Mesajı Okuyun
Old 29-06-2009, 09:10   #2
Av. Engin EKİCİ

 
Varsayılan

Sayın dsahutoglu;
Muvazaa iddiasını kimlere karşı ileri sürülebileceği ve üçüncü kişilere karşı ileri sürülemeyeceği durumlar hakkında aşağıdaki bilgilerden yararlanabilirsiniz. Saygılarımla..
Muvazaa iddiası, taraflara ve hukuki haleflerine karşı ileri sürülebile­ceği gibi üçüncü kişilere karşı da ileri sürülebilir. Ancak muvazaa nede­niyle görünürdeki işlemin üçüncü kişilere karşı ileri sürülebilmesi ilkesi mutlak bir ilke değil. Görünürdeki işlemin üçüncü kişilere karşı ileri sü­rüleme­diği yani üçüncü kişilerin hukuk düzeni tarafından korunduğu istisnai du­rumlar: 1-Yazılı borç ikrarı, 2-Tapu kütüğüne güvenin korunması 3-Dürüstlük kuralı­.

1. Yazılı borç ikrarı
Borçlar Kanunu’nun 18’inci maddesinin 2’nci fıkrasına göre, yazılı borç ikra­rının varlığı halinde, görünürdeki işlemin geçersizliği ileri sürüle­meyecektir.
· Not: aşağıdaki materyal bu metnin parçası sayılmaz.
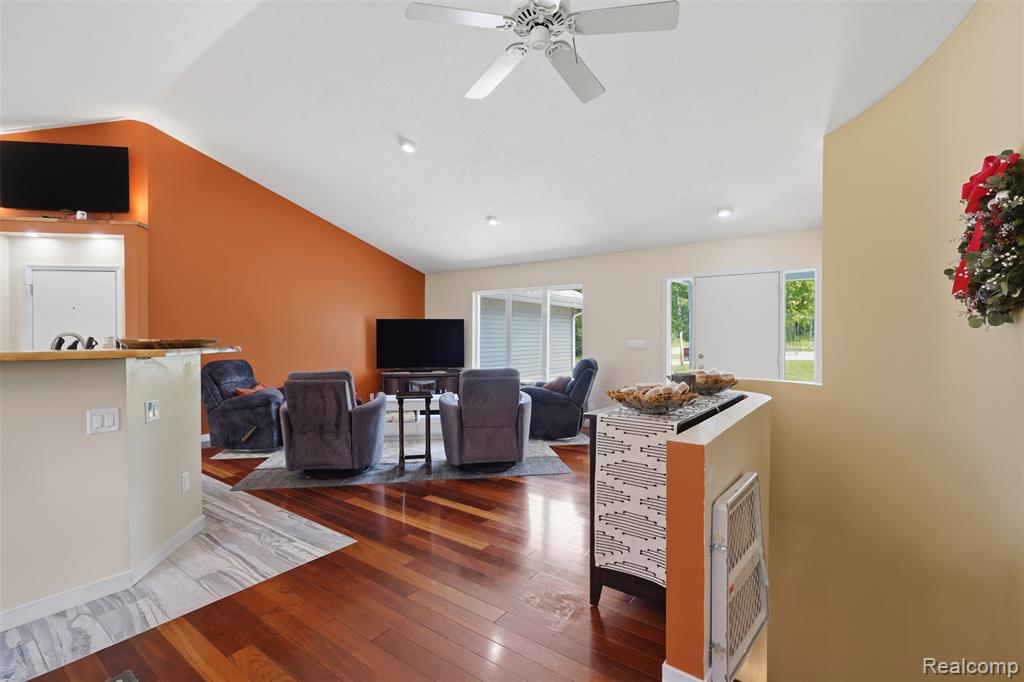 13158 Wood Road Bath, MI 48808 - Photo 12 of 72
Bu hükme göre “Tahriri borç ikrarına istinat ile alacaklı sıfatını iktisap eden başkasına karşı, borçlu tarafından muvazaa iddiası dermeyan olunamaz”. Yasa bu hükümle, borçlunun yazılı olarak borç ikrarında bulun­ması halinde, alacaklının, bu senetten doğan alacak hakkını bir başkasına devretmesi halinde, taraflar arasındaki muvazaanın devir alan üçüncü kişiye karşı ileri sürülemeyeceğini kabul etmiştir. Ancak alacağı devir alan üçüncü kişiye muvazaanın ileri sürülememesi iyiniyetli olması koşuluna bağlıdır.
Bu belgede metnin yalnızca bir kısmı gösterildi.